The meta-cognitive framework we're building works across any complex, high-stakes environment. Microsoft 365, Azure, Entra ID, Intune - these all have the same fundamental challenge: lots of configuration changes, some legitimate and some malicious, and the need to respond quickly without creating false positive chaos.
Everything we're learning about progressive autonomy and context-aware decision-making will flow back into our core platform. Telecommunications is an expansion opportunity and a forcing function to make the technology even better, but the innovations benefit all our customers.
Think of it this way: if we can build AI that's trusted to manage life-safety telecommunications infrastructure, that same AI is going to be incredibly good at managing your Microsoft security stack.
We're still early in this journey. The Guard Rails framework is about 70% developed as a decision engine, and the telecommunications-specific integrations are in the co-development phase (which is why a partner like Deutsche Telekom would be so valuable).
But the direction is clear. Security automation has been stuck in a binary mindset: either alert on everything and overwhelm humans, or auto-remediate everything and create unacceptable false positive risk.
The future is graduated autonomy. AI that understands context, evaluates its own confidence, and makes appropriate decisions ranging from immediate action to thoughtful escalation.

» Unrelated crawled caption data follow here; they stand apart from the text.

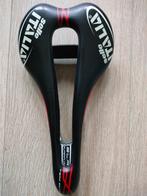 Selle Italia SLR Superflow, Fietsen en Brommers, Racefiets, Nieuw, Ophalen of Verzenden, Selle Italia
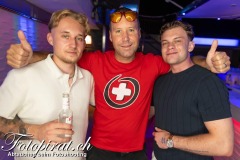 ZicZac-Bar-Ayia-Napa-2026-Zypern-9789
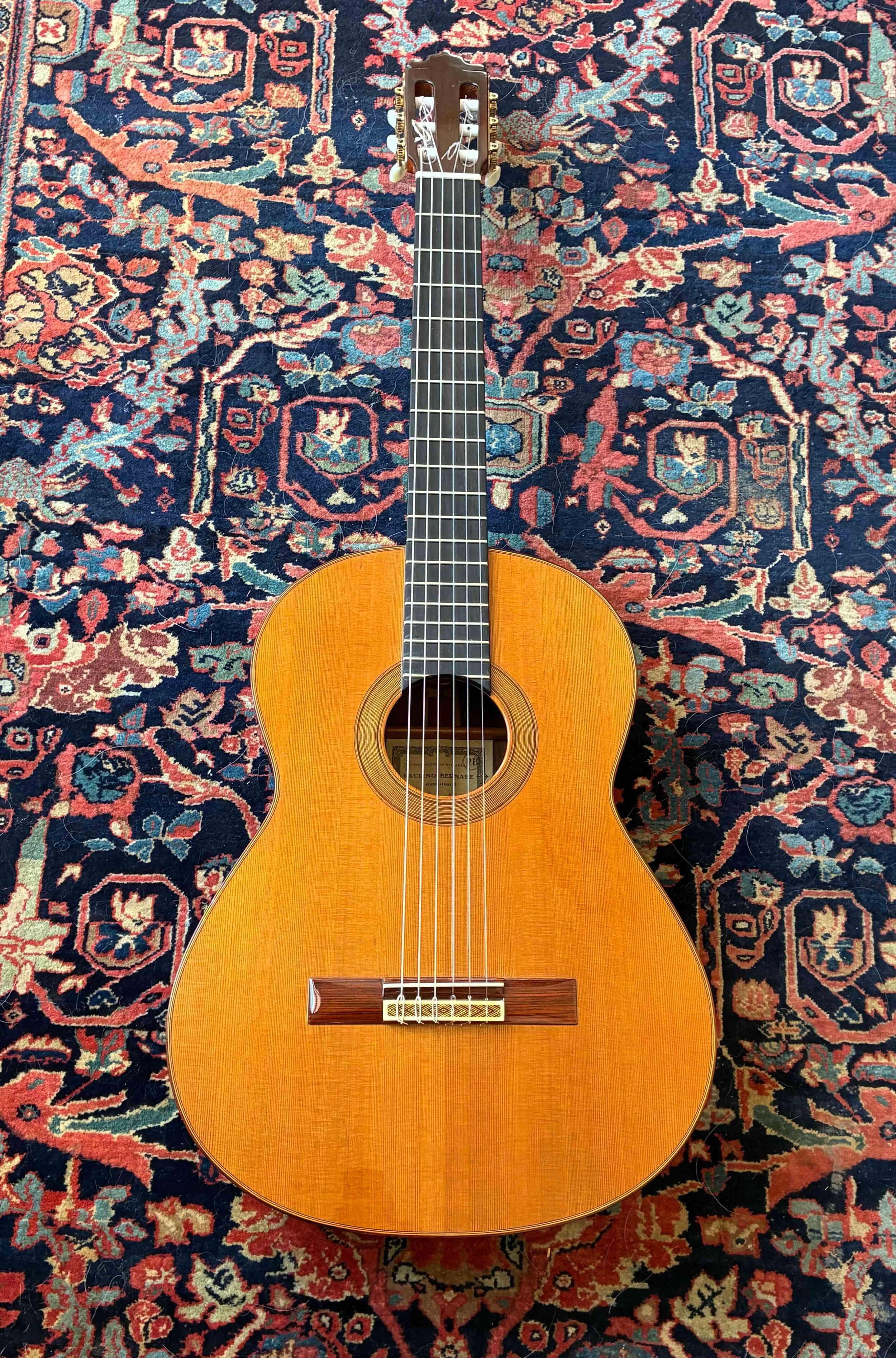 1984 Paulino Bernabe Sr-ft.jpeg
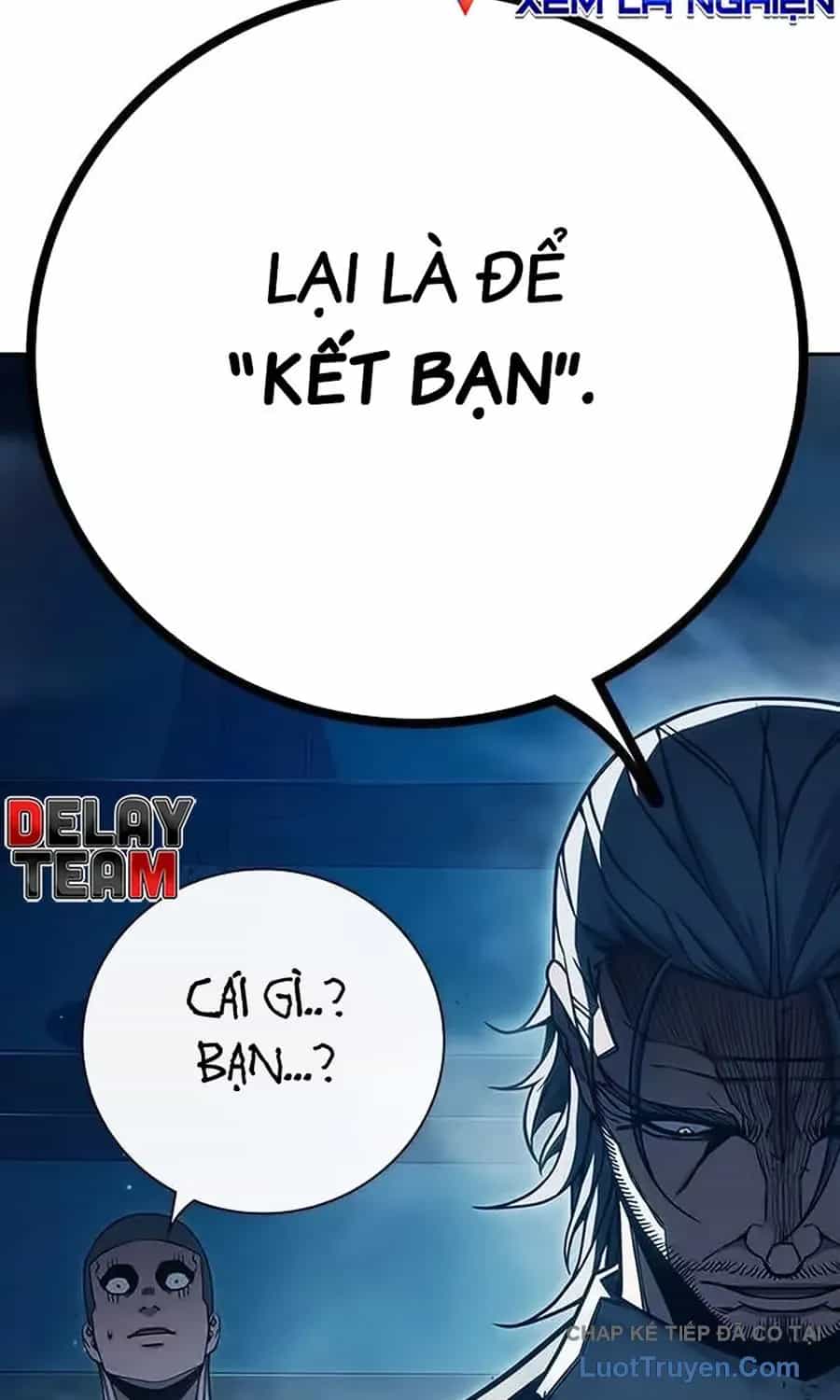Nhà Tù Vị Thành Niên - Chương 93 - ảnh 117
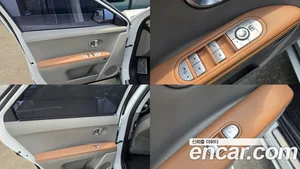 Hyundai Ioniq 5, 2022 — миниатюра 12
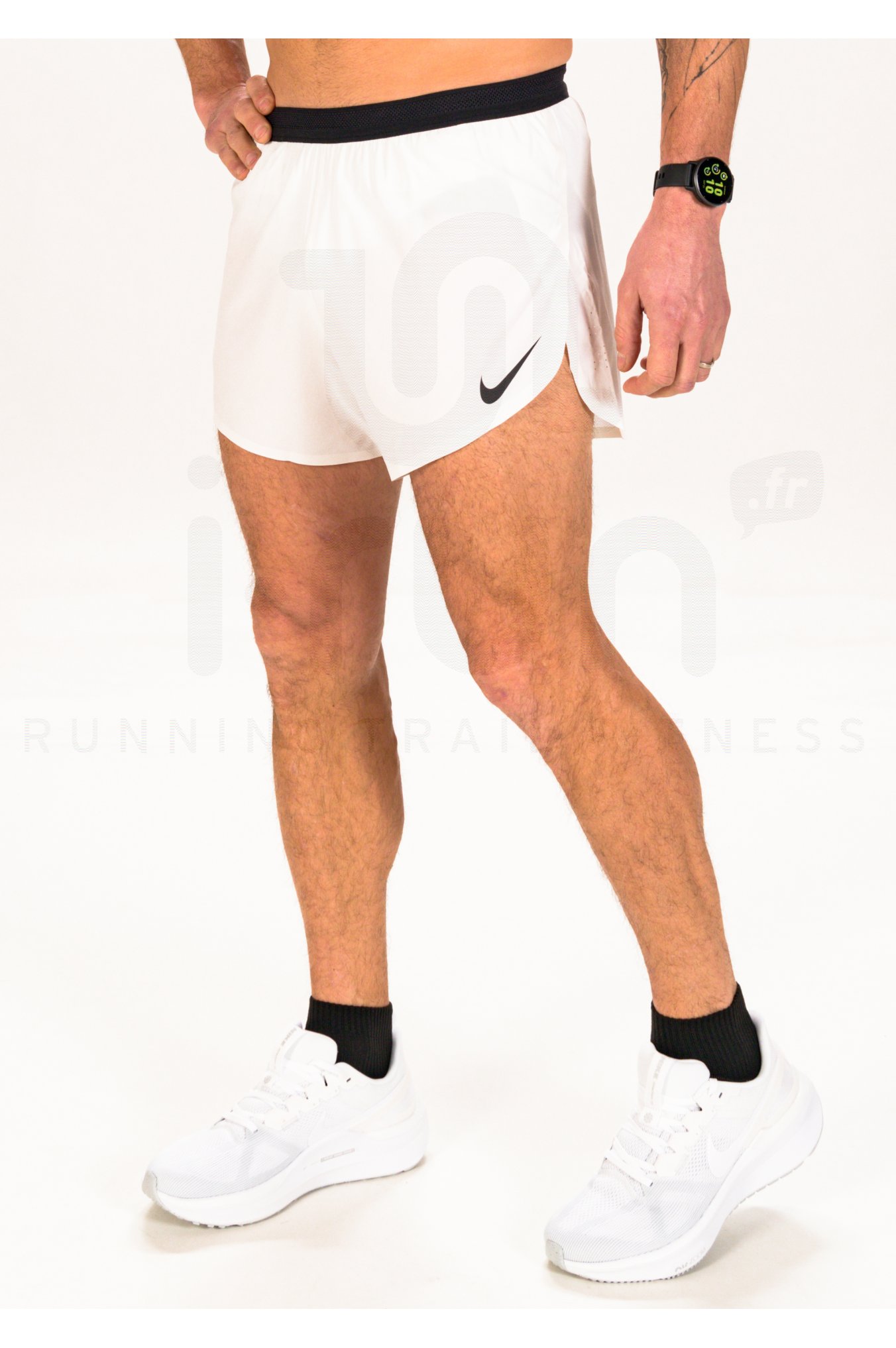 Nike AeroSwift M 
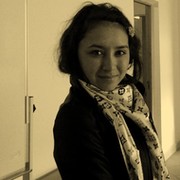 Эльвира Гумерова on My World.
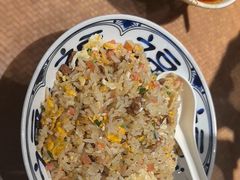 -眉州小吃(魏公村店)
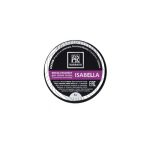 Ремувер Barbara 5гр Isabella крем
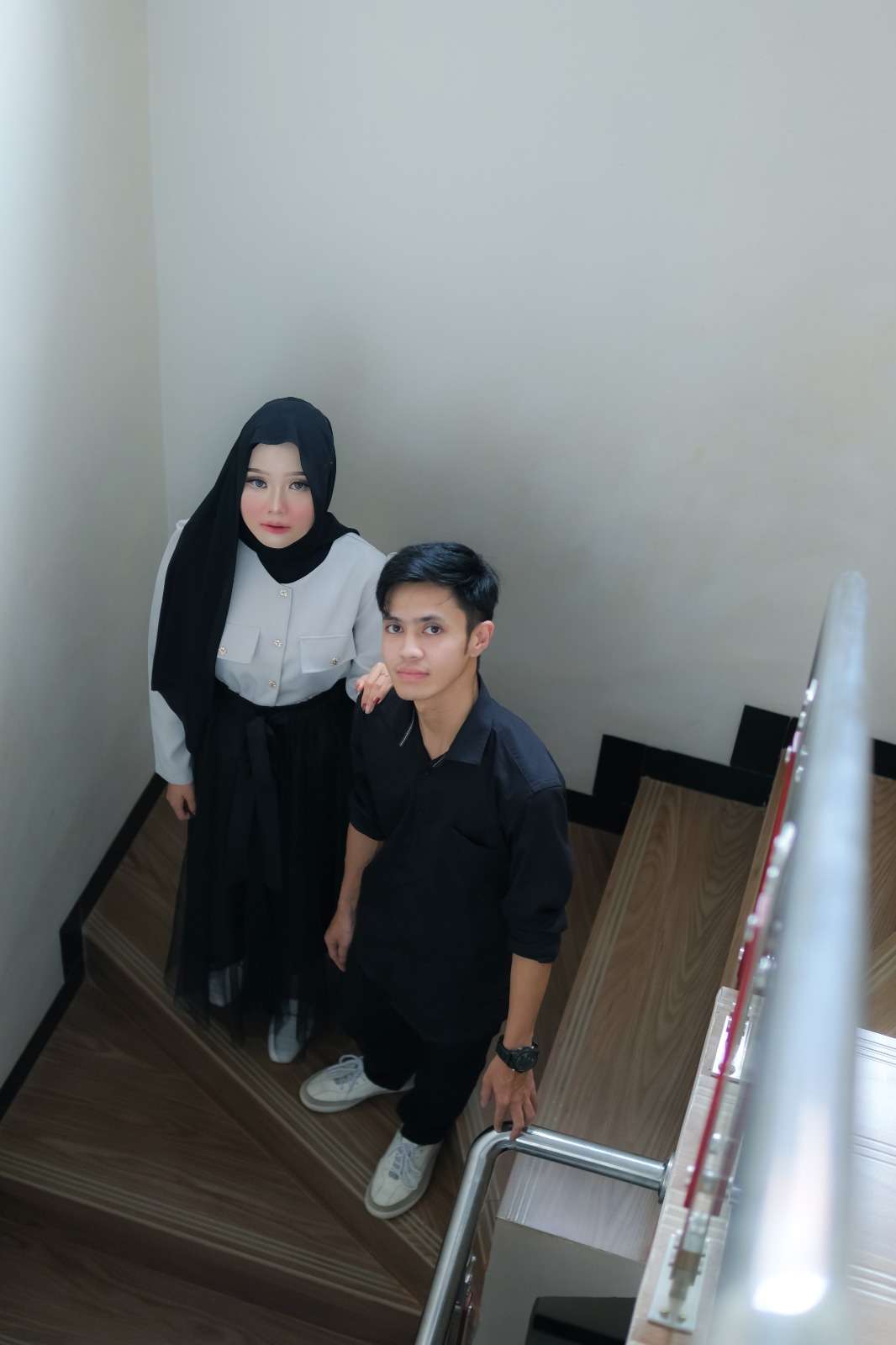 Ninda & Arusdian141225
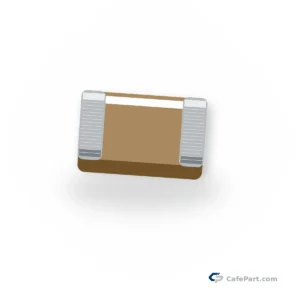 CP-000432
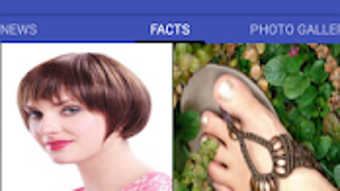 รูปภาพ 0 สำหรับ 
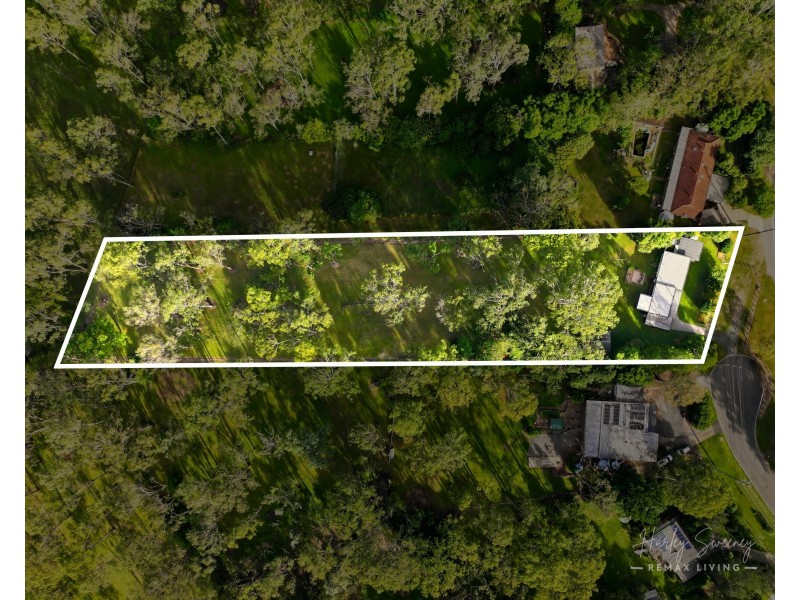 1082 Dayboro Road, Kurwongbah QLD 4503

That's what we're building. And whether it's through telecommunications, Microsoft environments, or eventually other critical infrastructure sectors, the goal is the same: security systems that are both more effective and more trustworthy than what exists today.
We'll keep you posted on where this goes.
Clay Babcock is President of Senserva, where he focuses on partner strategy and market development. Before Senserva, he spent 15+ years in telecommunications operations and infrastructure, earning Nokia innovation awards for work on carrier systems. He's passionate about turning complex security problems into practical, deployable solutions.
Note: Senserva's Guard Rails concept was submitted to T-Challenge 2025, Deutsche Telekom's annual innovation competition. The competition runs through April 2026, with the top 12 teams selected in January.